Back in May, I was quite vocal about what it was that I was looking for in my Mother’s Day. Now, as September dawns, it pains me to admit that it’s now Dad’s turn to pop the feet up, be reminded of his awesomeness and generally made to feel as though he’s king of his domain (one day won’t hurt us, will it?)

So possibly you’ve got a big brunch planned. And of course there’ll be bacon, a bit more bacon. Maybe a few chippolatas and a bit more bacon. To go with it, chuck together this brunch frittata.
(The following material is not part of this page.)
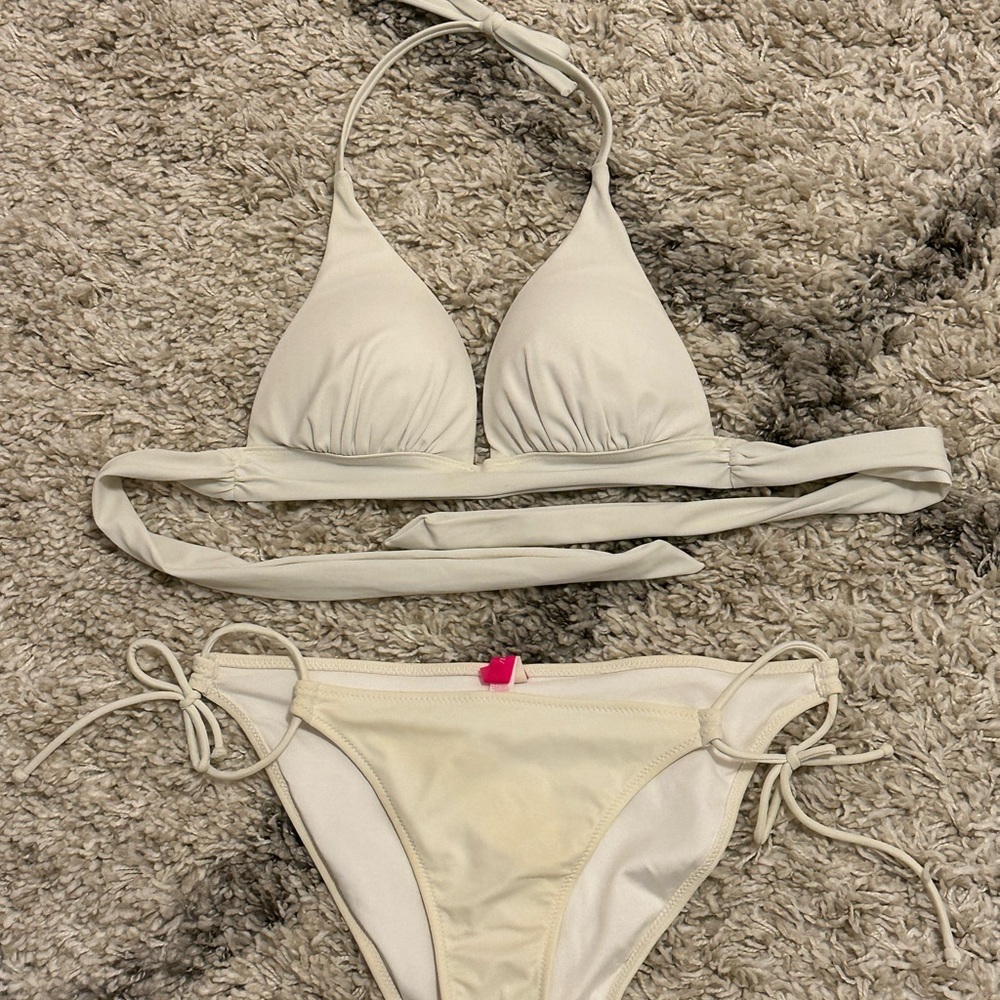 White Victoria’s Secret Bikini Set - Small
The best bit of it is that you can actually make it up the night before, store it in the fridge and then bake it in time for when your family descends the next morning. Handy!
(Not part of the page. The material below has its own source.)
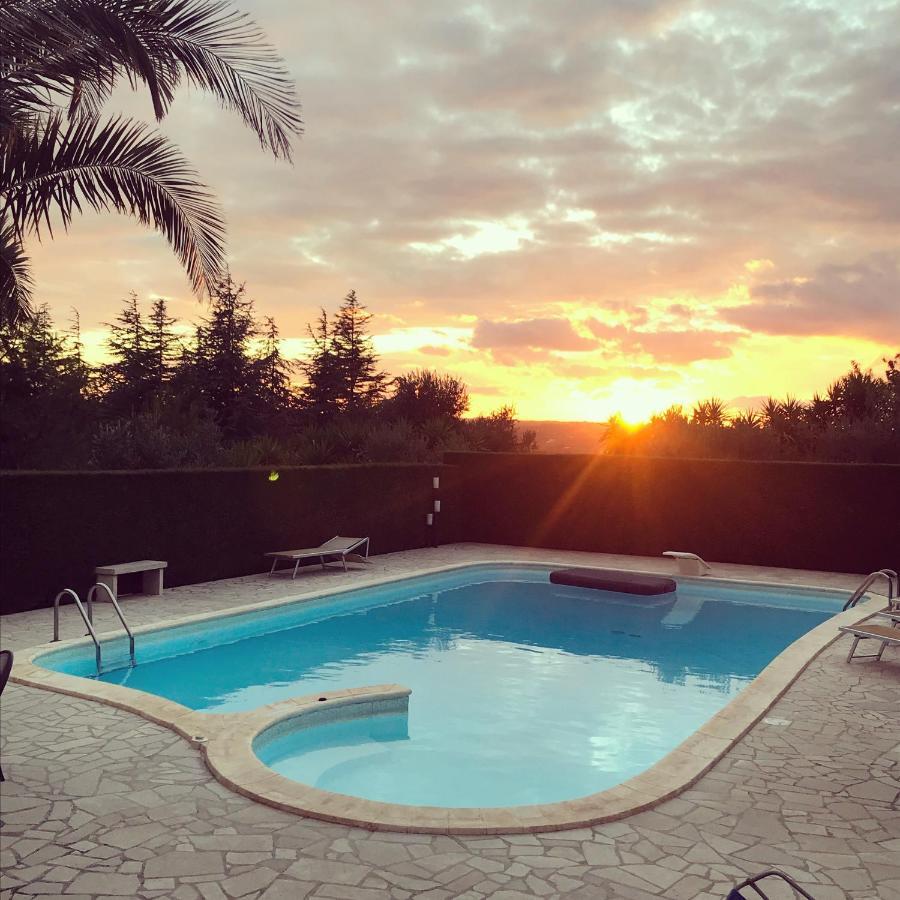Trullo Al Monte Bed & Breakfast Ceglie Messapica Exterior photo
See ladies, quietly, I’m still looking out for us, even though it’s not exactly our turn.

Impressive and easy - my favourite combo.
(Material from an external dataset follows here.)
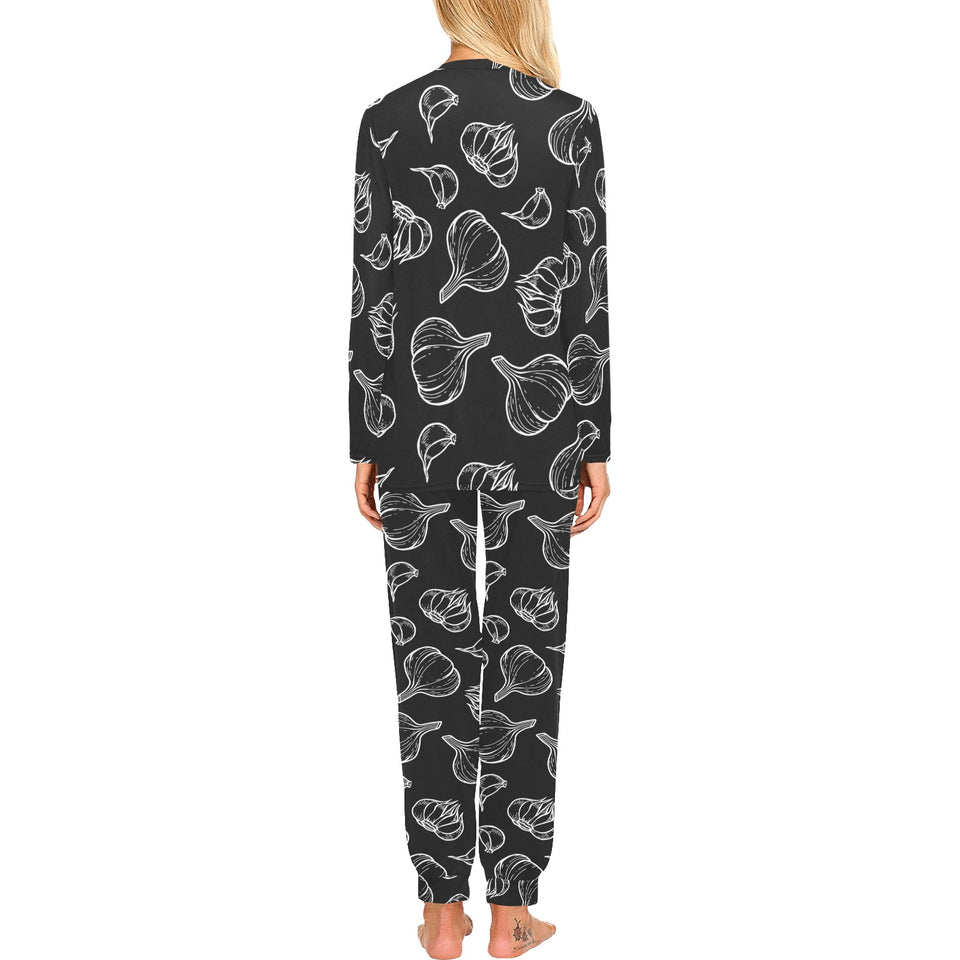 Garlic pattern black background Women's All Over Print Pajama Set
Impressive and easy – my favourite combo.

Make-ahead Brunch Frittata

2 potatoes
4 spring onions, finely sliced (use some of the green bits too)
½ punnet cherry tomatoes, halved
6 mushrooms, sliced (about 1 cup)
1 cup bread cut into a 1cm dice (this is a great way to use up day old sourdough)
1½ cups grated cheese
5 eggs
½ cup milk
Salt and pepper

Cook the potatoes. You could bake them, boil, steam or microwave them until just tender (I use the microwave as I find it the quickest and easiest way).

Preheat the oven to 180C. Grease and line an 18x28cm slice tin with baking paper.

Once cool enough to handle, peel away the potato skins and chop into a rough dice. Add to a large mixing bowl.

Tip in the vegies, bread and cheese. Combine well.

In a bowl, whisk the eggs and milk. Season well. Pour onto the vegies and mix. Tip the mixture into your slice tin and fiddle bits around so that the mix is evenly distributed and firmly packed. Leave a few cherry tomatoes on top for presentation.

Bake for 40 minutes until set and golden on top.

Cut into 8 brunch-sized slices. Serve alone or with chipolatas and bacon.